Open simias opened 8 years ago

simias commented 8 years ago

Since the PSX doesn't have a z-buffer all the primitives are drawn from farthest to closest. This means massive amounts of overdraw as many polygons are drawn only to be hidden by a closer one later on.

This is basically the worst case as far as the OpenGL renderer is concerned, generally we'd prefer to render from front to back and ignore hidden pixels instead invoking our shader millions of time for fragments that will never make it to the screen.

Implementation

This shouldn't be too difficult to implement: when we receive primitives in the GPU we could store them in the vertex buffers in reverse order.
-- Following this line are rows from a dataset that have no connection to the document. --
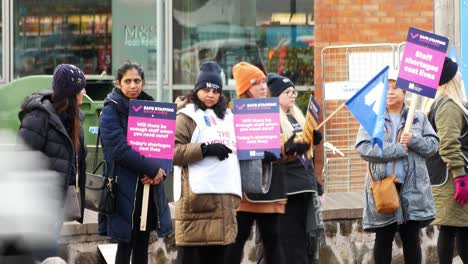 Underfunded-and-overworked-NHS-workers-at-Whiston-hospital-in-St-Helens,-Merseyside-protest-with-banners-and-flags-demanding-fair-pay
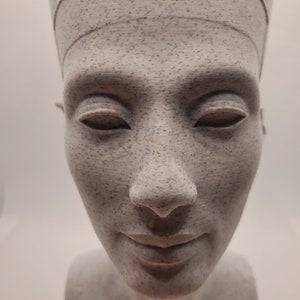 K&ouml;nnte beinhalten: Eine wei&szlig;e B&uuml;ste einer Frau mit Kopfbedeckung. Die Skulptur hat ein detailliertes Gesicht mit geschlossenen Augen und einem dezenten L&auml;cheln.
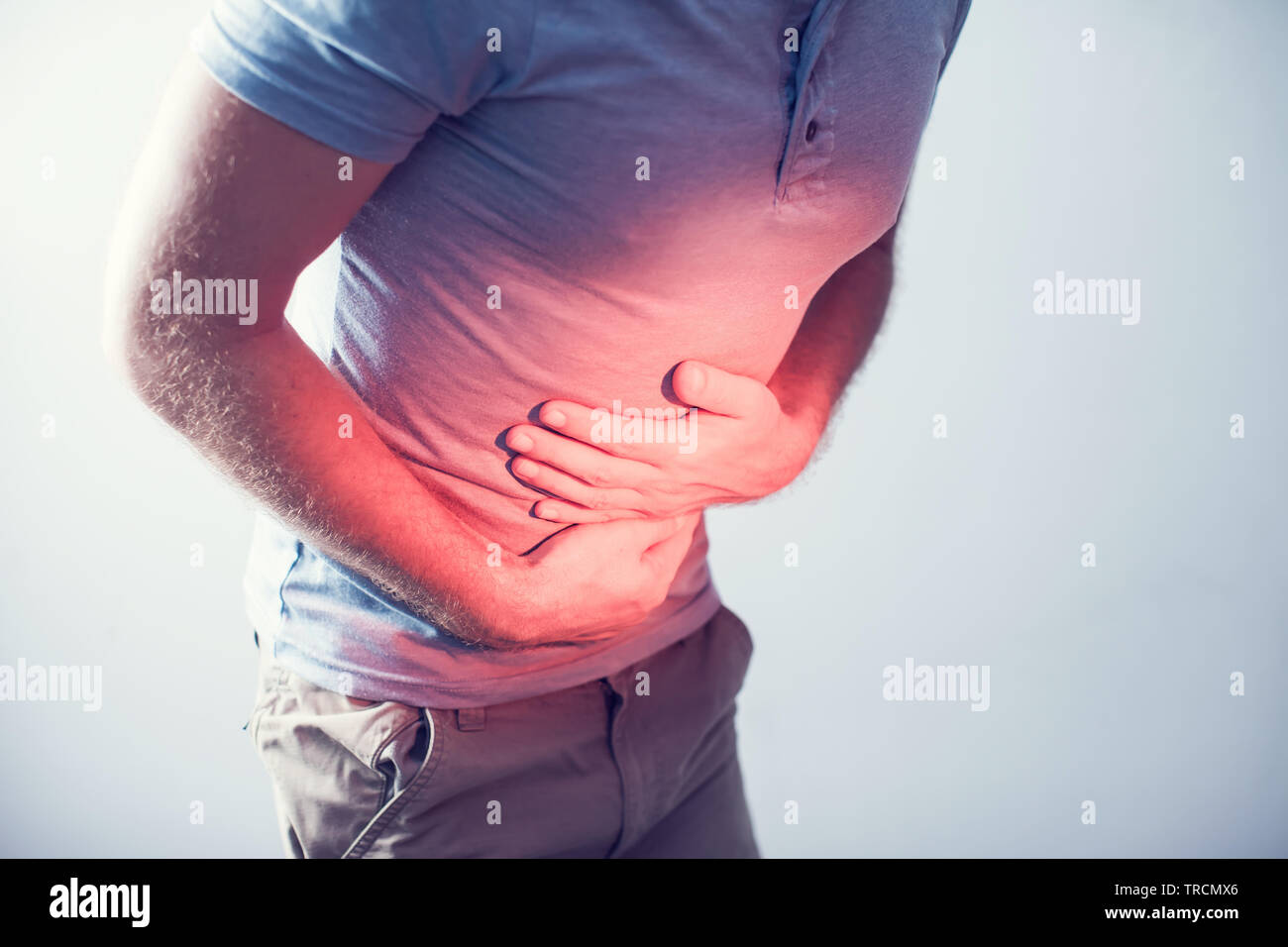 People, healthcare and problem concept - unhappy man suffering from stomach ache over gray background Stock Photo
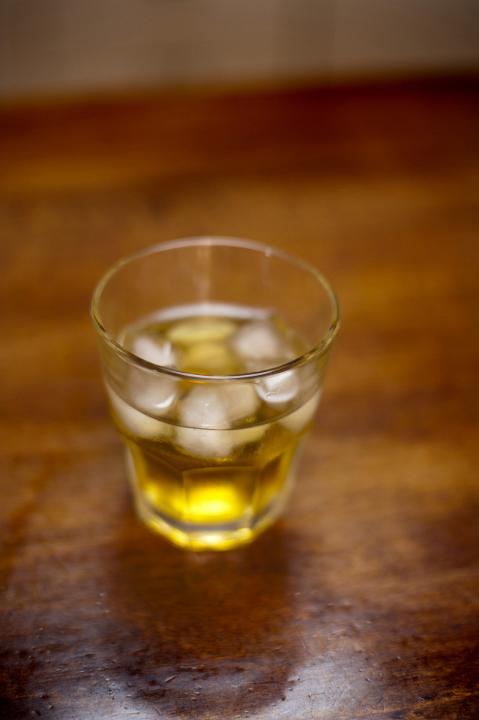 Close up Single Glass of Spirit with Ice on Top of Wooden Table.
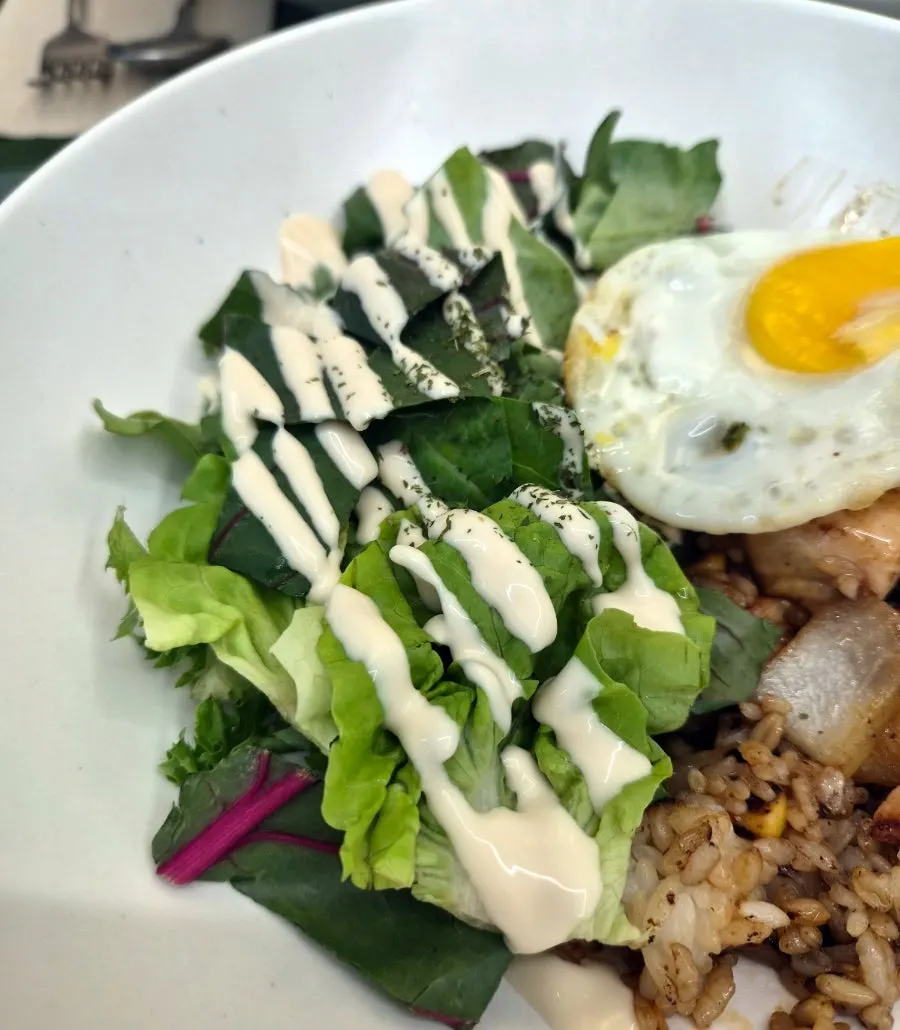 Chili stir-fry salad rice bowl topped with a fried egg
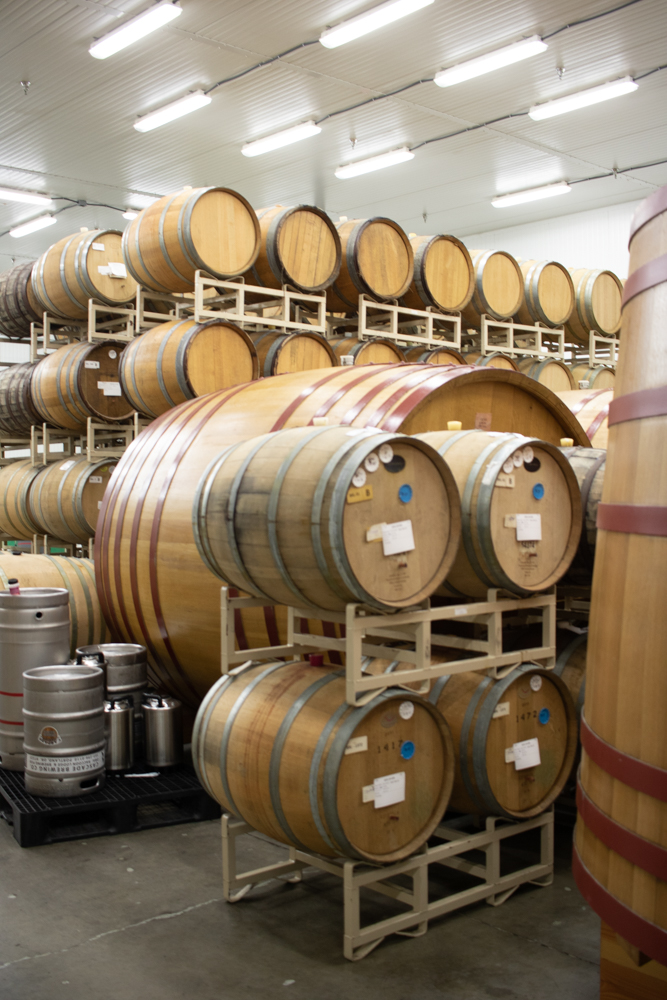Barrels stacked inside the Cascade blending facility.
We'd also need a way for the GPU to test which parts of the screen have already been drawn, I can think of two simple ways to do that:

There are a few limitations to this optimization however: semi-transparent polys will still have to be drawn back to front after all the opaque primitives for tranparency to work as expected. We'll probably need two passes, one for the opaque polys front-to-back and then one for the semi-transparent polys back-to-front. Maybe we could store the opaque vertex starting from the end of the vertex buffer and then decrementing while transparent primitives would be stored at the beginning and incrementing as it's currently done. Or we could use two buffers, not sure which is best.

Also we can't use this optimization when the "test mask bit" and "set mask bit" options are enabled since the order of the draws become significant for the end result regardless of the "depth" of the polygon. If it's the case we need to render everything in "native" order.